Nämlich er zeigt jetzt nach des Frieders Anleitung den Diebstahl bei Amt
an, und bat um einen Augenschein. Hernach bat er den Amtmann die
verlorenen Artikel in allen Zeitungen bekanntzumachen. Hernach bat er,
auch das versiegelte Schächtelein mit seiner ganzen Beschreibung mit in
das Verzeichnis zu setzen, um etwas. Der Amtmann sah ins Klare und
verwilligte ihm den Wunsch. „Einem honetten Goldschmied", dachte er, „kann
ein Mann, der eine Haushaltung führt, etwas zum Gefallen tun." Also
verlauft es sich in alle Zeitungen, dem Goldschmied sei gestohlen worden
das und das, unter andern ein Schächtelein so und so, mit vielen kostbaren
Edelgesteinen, die alle benannt wurden. Die Nachricht kam bis nach
Augsburg. „Löb", schmunzelte dort ein böhmischer Jud dem andern zu, „der
Goldschmied wird nie erfahren, was in dem Schächtelein war. Weißt du, daß
es ihm gestohlen ist?" - „Desto besser", sagte der Löb, „so muß er uns
auch unser Geld zurückgeben, und hat gar nichts." Kurz die Betrüger gehn
dem Frieder in die Falle, und kommen wieder zu dem Goldschmied. „Seid so
gut und gebt uns itzt das Schächtelein! Nicht wahr, wir haben Euch ein
wenig lange warten lassen." - „Liebe Herrn", erwiderte der Goldschmied,
„euch ist unterdessen ein großes Unglück geschehen, das Schächtelein ist
euch gestohlen. Habt ihr's noch in keiner Zeitung gelesen?" Der Löb
erwiderte mit ruhiger Stimme: „Das wäre uns leid, aber das Unglück wird
wohl auf Eurer Seite sein. Ihr liefert uns das Schächtelein ab, wie wir's
Euch in die Hände gegeben haben, oder Ihr gebt uns unser vorausbezahltes
Geld zurück. Die Krönung ist ohnehin vorüber." - Man sprach hin, man sprach
her, „und das Unglück wird eben doch auf Euerer Seite sein", nahm wieder
der Goldschmied das Wort. Denn im nämlichen Augenblick traten jetzt mit
seiner Frau vier Hatschiere in die Stube, handfeste Männer, wie sie sind,
und faßten die Spitzbuben. Das Schächtelein war nimmer aufzutreiben, aber
das Zuchthaus und so viel Geld und Geldeswert, als nötig war den
Goldschmied zu bezahlen.
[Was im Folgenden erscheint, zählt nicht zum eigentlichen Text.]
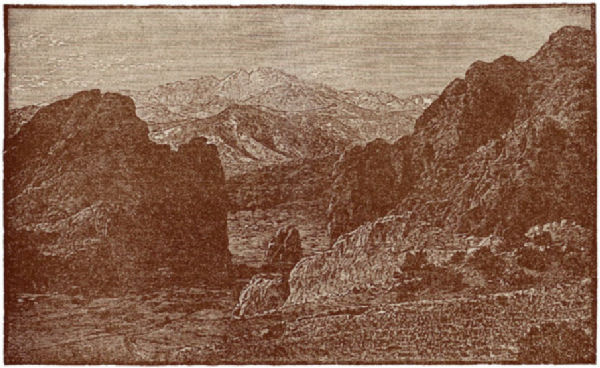 A mountainous landscape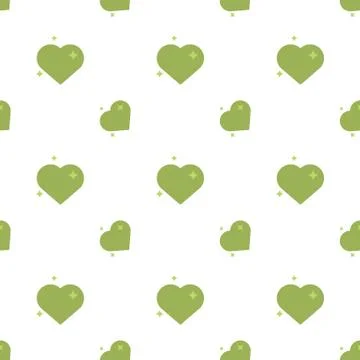 Hearts Of Love Eco Seamless Pattern Illustrazione stock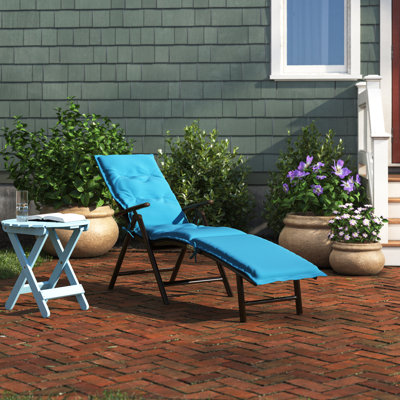 Nadire Cozy Aluminum Reclining Lounge Chair with Cushion Drink Holder Adjustable Assemble-Free by Breakwater Bay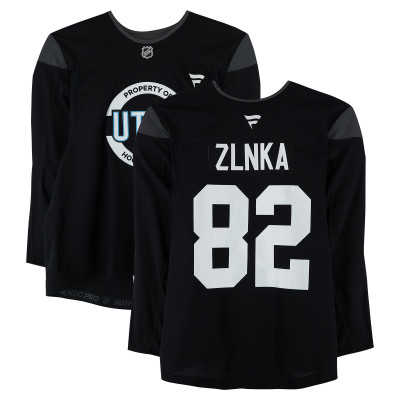 Тренировочный джерси Adam Žlnka Utah Mammoth Fanatics Authentic Black from the 2024-25 NHL Season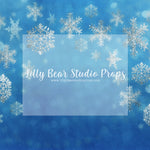 Silver Snowflakes - Lilly Bear Studio Props, christmas, Cozy, Decorated, Festive, Giving, Holiday, Holy, Hopeful, Joyful, Merry, Peaceful, Peacful, Red & Green, Seasonal, Winter, Xmas, Yuletide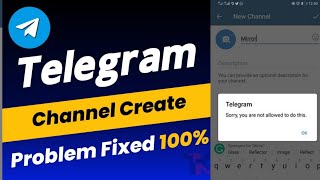 Sorry you are not allowed to do this telegram channel | How to fix telegram group problem 2023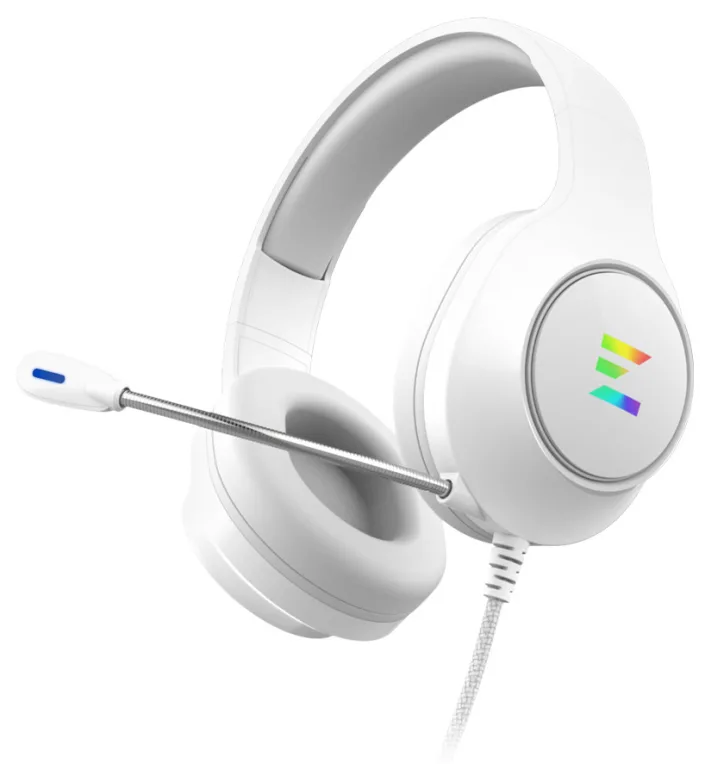 Zalman ZM-HPS310 WH auricular y casco Auriculares Alámbrico Diadema Juego Blanco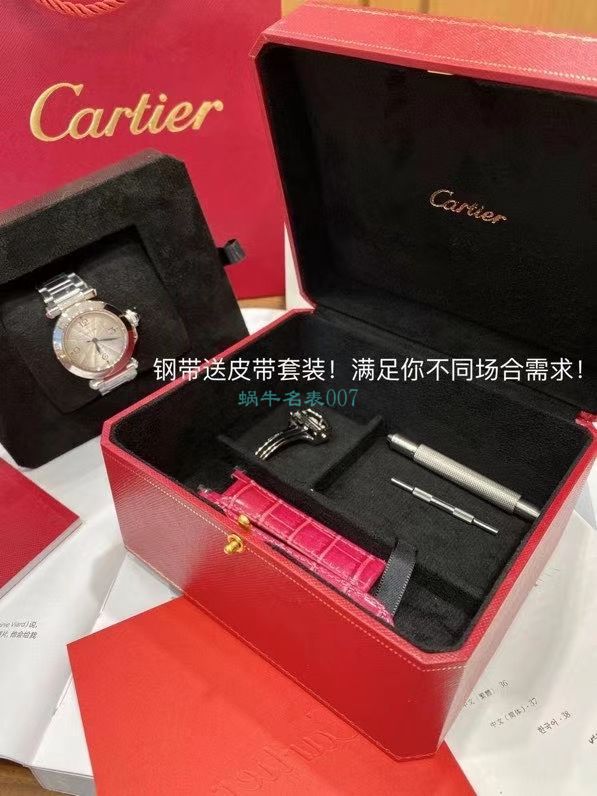 BV Factory  Cartier  帕莎一比一 top 复刻高仿女士手表WSPA0013,WSPA0012 / K329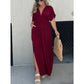 🎁Hot Sales in 2024🎁💥Casual V Neck Slit Maxi Dress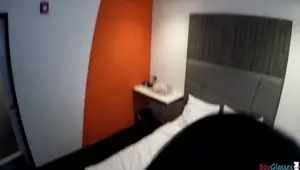Smalltit amateur fucked POV from behind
Aus Dankbarkeit zerriß der Goldschmied hernach
den Empfangschein des Frieders. Aber der Frieder brachte ihm alles wieder,
und verlangte nichts für seinen guten Rat. „Wenn ich einmal etwa von
Euerer Ware benötiget bin", sagte er, „so weiß ich ja jetzt den Weg in
Euern Laden und zu Euerm Kästlein. Wenn ich nur alle Spitzbuben zugrunde
richten könnte", sagte er, „daß ich der einzige wäre."